The Web GUI Dashboard after the upgrade is displaying the exact version of the upgraded system, but if you try to enter "System->Firmware" you got the screen with the small window "Waiting the reboot..." you usually get at the end of first phase of upgrade.
It seems that the main functionality of the firewall is maintained.
The only solution I found to bypass this situation was to kill the machine on power-on button. After the reboot all is working again: console, SSH, Web GUI...
On the first upgrade (from 24.7 to 25.1) it happened for the first time on both firewalls (backup and primary), later only on primary.

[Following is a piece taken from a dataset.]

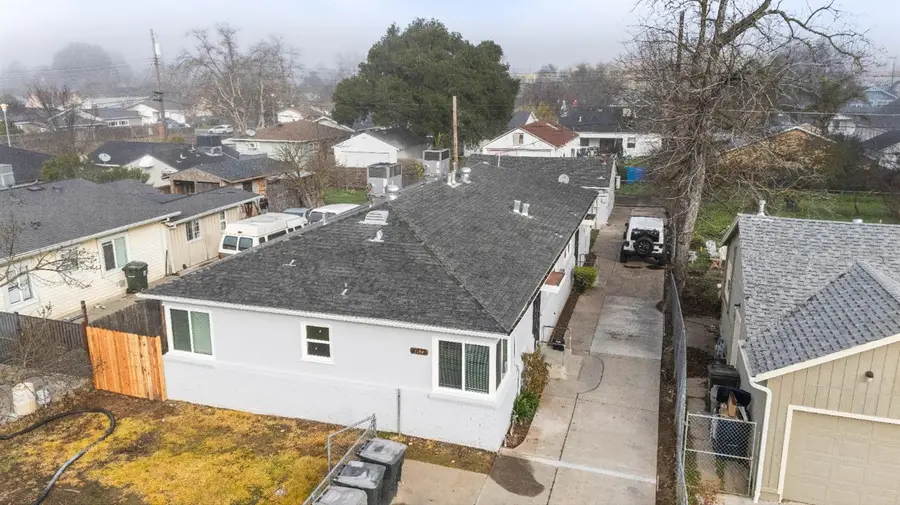 4617 13th Avenue, Sacramento, CA 95820 - Image #2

How to find the userid/password of the system during the upgrade process, to check what is behind the PID the shutdown is waiting for forever?
Regards, Walter
You need an administrator user to login to the console. Admin rights allow it to see other user processes.
#ps -aux
to list all processes and their owners ?
Quote from: cookiemonster on April 30, 2025, 11:38:17 AMYou need an administrator user to login to the console. Admin rights allow it to see other user processes.
#ps -aux
to list all processes and their owners ?
This is basic knowledge, a learned it decades ago on Unix (and Unix-like): HP-UX, Linux (Yggdrasil was the first distribution), Solaris... :-)
The problem is elsewhere: I have the root user credentials, but in this phase, between the non finished upgrade and a forced reboot, they are simple rejected on the console or SSH, at the end I got " Permission denied, please try again." message
So:
1. What is blocking the root logon during the upgrade?

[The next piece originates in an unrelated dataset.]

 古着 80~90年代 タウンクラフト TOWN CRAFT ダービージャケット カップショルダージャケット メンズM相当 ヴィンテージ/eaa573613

2. Which process (and why) is stopping the shutdown process?
Next time I will try to do the upgrade (one which needs reboot) with the console logged on (on SSH and on VGA) to gather more data using the method you (also) suggested, if possible.
Until now, the problem was not destructive, but was very uncomfortable: You have to power-off and power-on the working system, which is the ICT approach to the world I like less.
.I am a bit baffled too then.
SSHd giving "Permission denied, please try again." suggests that is listening. Maybe disabled in "system | settings | administration" but could be an artifact of the unfinished upgrade but I'd find it strange. Non-listening would be more what I'd expect.
A login at the console (not ssh), now that is very strange. I've never experienced, even with a password-protected console?
All interesting none the less but I imagine the answer to 2. is perhaps one of the usual that has been documented here pretty extensively. Zenarmor has been until recently the main culprit. But it can also be a third-party repo.
Definitively a console open at upgrade time is what I'd go for.
On the next upgrade which needs reboot, I will be personally present, and try to collect (and write) as much as possible about the problem, working on the console. I could try to see if the SSH or web gui reboot have the same effect, never used last months :-).
I usually use Remmina for the SSH, so thinking now about your comment on the last incident, I cannot tell if SSH rejected my password, or the connection itself was dropped (not listening), I just did not get the session.
Next time I will try to manually ssh from my Linux terminal.
But on the VGA console I found this situation more than once, I am very confident in my claims. I usually never touch it, so it goes auto logoff. After a failed reboot on upgrade, pressing the console key you receive the login prompt, non successful until power-off/power-on.